Suggestion for hands-on labs from Radar Science courses I helped design and teach:

We rebuilt working simulators with the latest gadgets as electronic laboratories with calibrated test equipment, probes, meters, spectrum anylyzers, O-scopes, etc. available in the radar vans. While I lectured on theory and particular applications in classroom setting following actual use of the systems, my fellow instructor introduced typical error states in the radar systems.
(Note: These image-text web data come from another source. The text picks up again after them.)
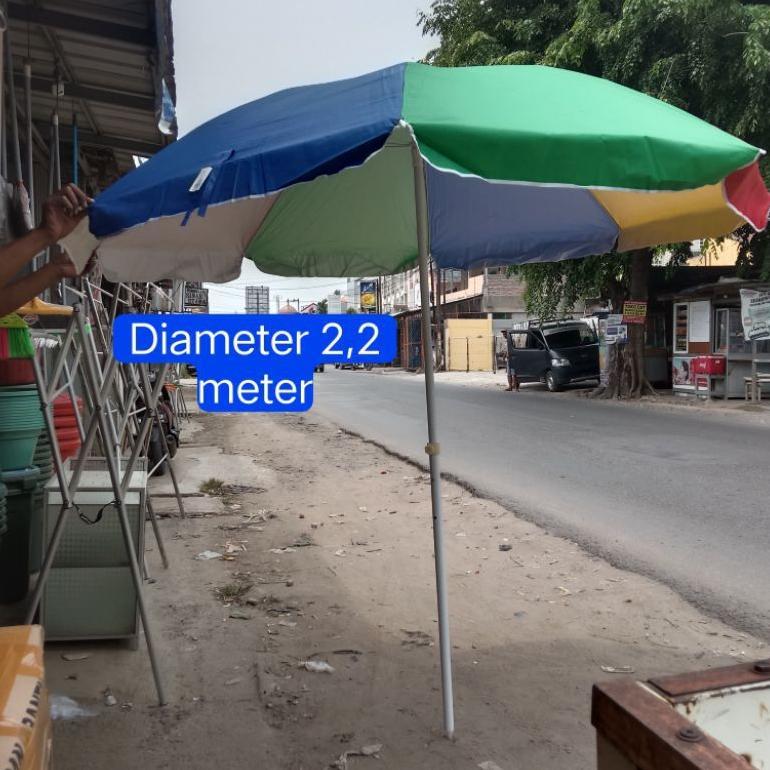 payung jualan besar jumbo payung dagang payung pantai payung pelangi payung tenda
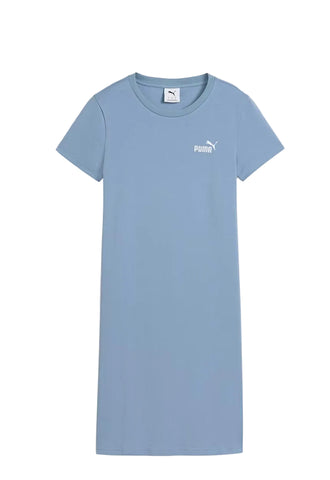 Puma Dress Essential No1 Tee Logo Slim Cool Blue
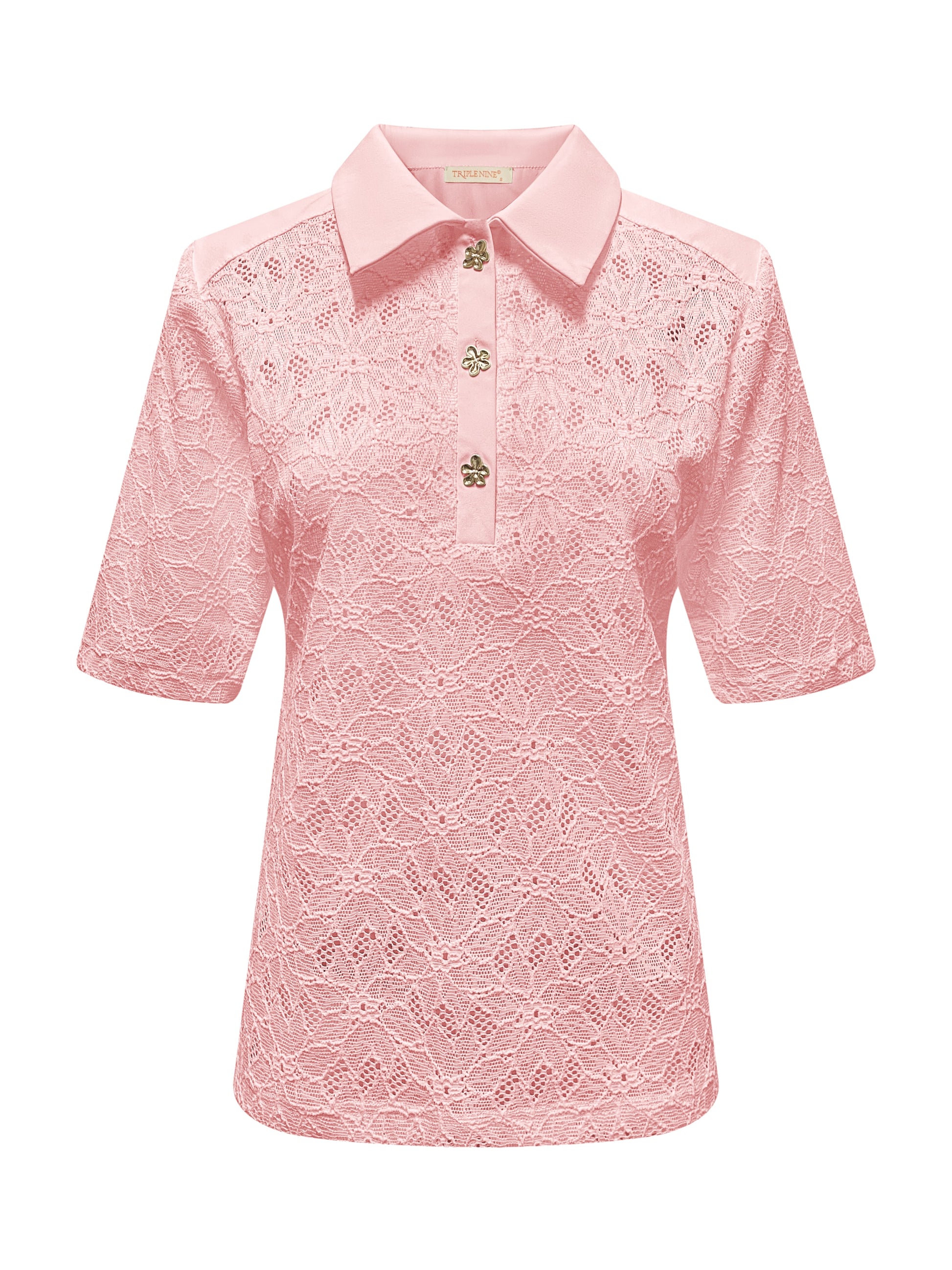 Triple Nine - Travel Top Merel Poederroze - 6948 top - Est Voilà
Advanced students then divided into teams of two and troubleshot the problems*. We then debriefed and evaluated results.

We thought this method -- lecture, hands-on experiments, advanced theory, actual trouble-shooting, group evaluation -- on a daily basis best taught theory, operations and troubleshooting as experienced in the field during experiments (real-time missions to instruct visiting pilots).

The idea I am attempting to convey is to interleave lecture and labs in order to maximize resource allocation, particularly costly equipment, in small group settings with optimum skill retention. Similar methods have been adapted to remotely teach surgical students and EMT technicians optimizing valuable lecturer times -- which can be recorded but kept fresh -- and sparse expensive equipment.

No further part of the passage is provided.